In an exquisitely rigorous examination of the United Nations sanctions on North Korea, Dr. Benjamin Habib notes the wide goals and limited enforcement mechanisms of the new resolution. Will China ratchet up its enforcement of sanctions on North Korea, or will it approach sanctions, as Luo Yuan wrote with calculated naiveté yesterday in the Huanqiu Shibao, as a mild brotherly admonition? Nathan Beauchamp-Mustafaga, an analyst at the London School of Economics, arrives with a trenchant overview. — Adam Cathcart, Editor-in-Chief
China and UN Security Council Resolution 2094: Is the Third Time the Charm?
by Nathan Beauchamp-Mustafaga
With the passage of United Nations Security Council Resolution 2094, international expectations have again risen for China’s cooperation on pressuring the intransigent North Korea regime. The sanctions arrive in response to North Korea’s third nuclear test on February 12th, which the DPRK government claimed was a miniaturized nuclear device. Coupled with the North’s largely successful December 2012 so-called “satellite launch,” suspected of covertly testing ballistic missile technology, these two events suggest progress, even if there is a long road to full actualization, on developing the capabilities necessary to attack the United States with a nuclear-tipped missile. This growing threat to U.S. security, emphasized by North Korea’s explicit threat to conduct a “preemptive nuclear strike” on the United States, further motivated the United States to push through a new round of sanctions against the Kim Jong-un regime.

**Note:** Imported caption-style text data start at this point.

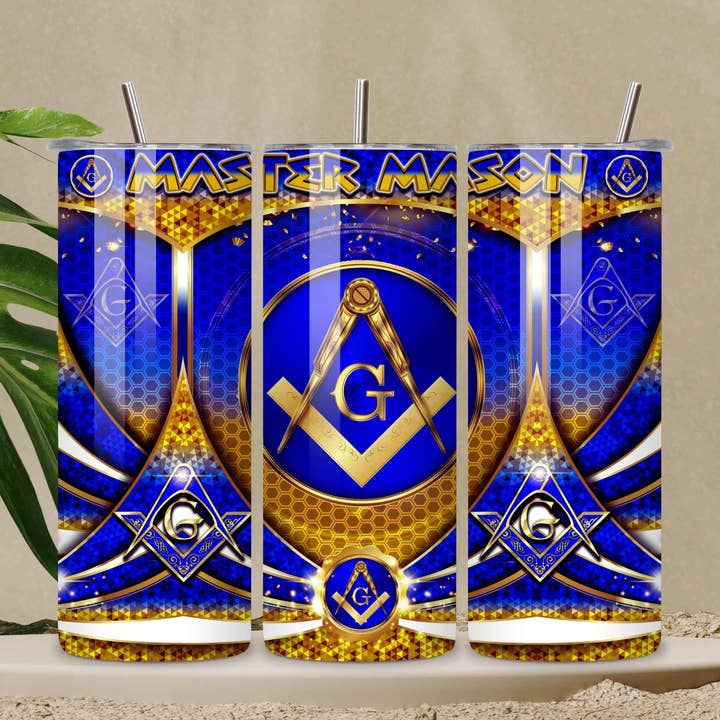 CoRo & Company - Wholesale Insulated Mug/Tumbler - Masons 20 oz Skinny Tumbler - Stainless Steel Drinkware for Hot and Cold Beverages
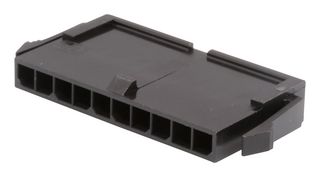 MOLEX 43640-1000 Connector Housing, Black, Micro-Fit 3.0 43640 Series, Plug, 10 Ways, 3 mm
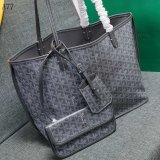 Best Quality Goyard Classic Chevron St. Louis PM Totes Dark grey Bags
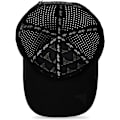 Miniatyrbillede 3 af 6: 1-pakke, 5-panel buet skygge vandtæt performance snap cap black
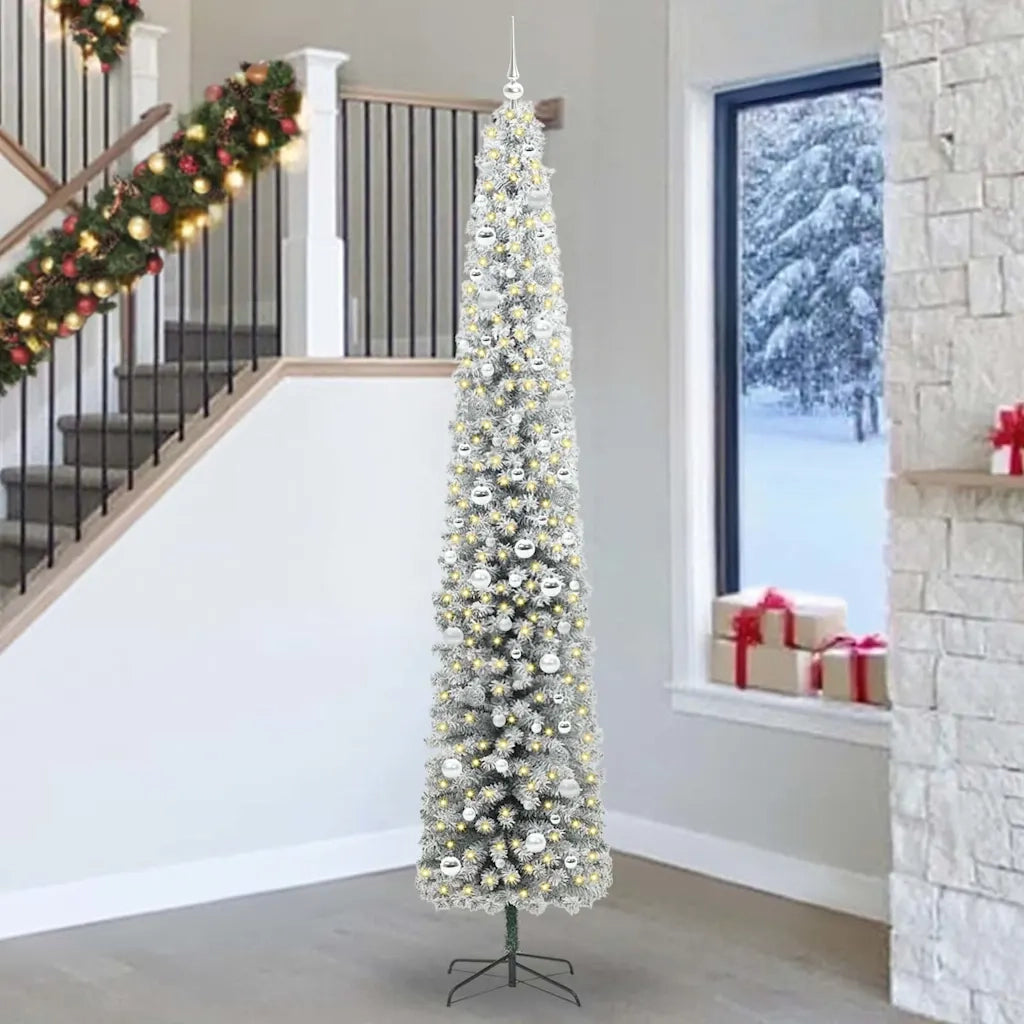 Albero di Natale artificiale con 300 LED Verde 270 cm 3395058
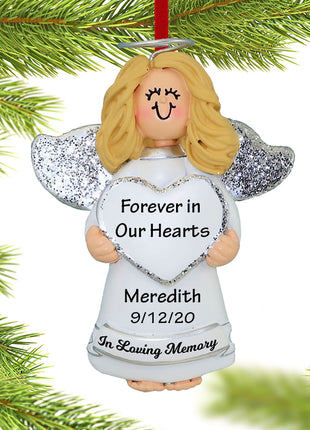 Memorial Angel Ornament  by ORNAMENT CENTRAL Ornament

According to the U.S. Ambassador to the United Nations, Susan Rice, these sanctions are the “toughest yet” on North Korea. And indeed, the sanctions include a provision requiring states to inspect any North Korean cargo suspected of transporting items prohibited by all four rounds of sanctions against the North. They also further inhibit North Korea’s access to cash, blacklist several North Korean diplomats and officials with connections to the North’s nuclear and missile programs or money laundering activities, as well as explicitly ban several luxury items.
A Nod to US-China Cooperation | Compared with past sanctions, this round took the longest to draft (21 days from the day of the test in 2013, compared with ten days in 2009 and the same day in 2006), but patience and horse-trading during the drafting process appears to have paid off, since the draft resolution was adopted the quickest (one day in 2013 compared with two days in 2009 and five days in 2006). Moreover, the United States went to great lengths to emphasize its cooperation with China on drafting the sanctions, even introducing the draft resolution as “U.S.-China agreed,” which is in stark contrast with China’s multiple revisions to the initial draft of the sanctions resolution as proposed by the United States in 2006. Given the questions that surround Chinese leader Xi Jinping’s willingness – and that of his reshuffled foreign policy team – to compromise with the Americans on any front, U.S.-China explicit cooperation on the North Korean sanctions front needs to be noted and commended as a welcome change from even late last year. There also seems to be some implicit agreement between the U.S. China, Russia and South Korea. Allowing sanctions to be passed while South Korea chaired the Security Council was much more likely to draw a ballistic North Korean reaction. The sanctions were only approved after Russia took over the rotating chair.
The North Korean regime’s third nuclear tests followed the established pattern of increasingly bombastic rhetoric, a missile test and culminating in a nuclear test followed by sanctions, repeating events in 2006 and 2009. The most important development from this nuclear test is growing suspicion that North Korea tested a uranium-based bomb, which would indicate the North has another avenue towards proliferation that is easier to conceal and easier to mobilize and most importantly that the North has access to more uranium unlike its fixed supply of plutonium meaning they can make more weapons.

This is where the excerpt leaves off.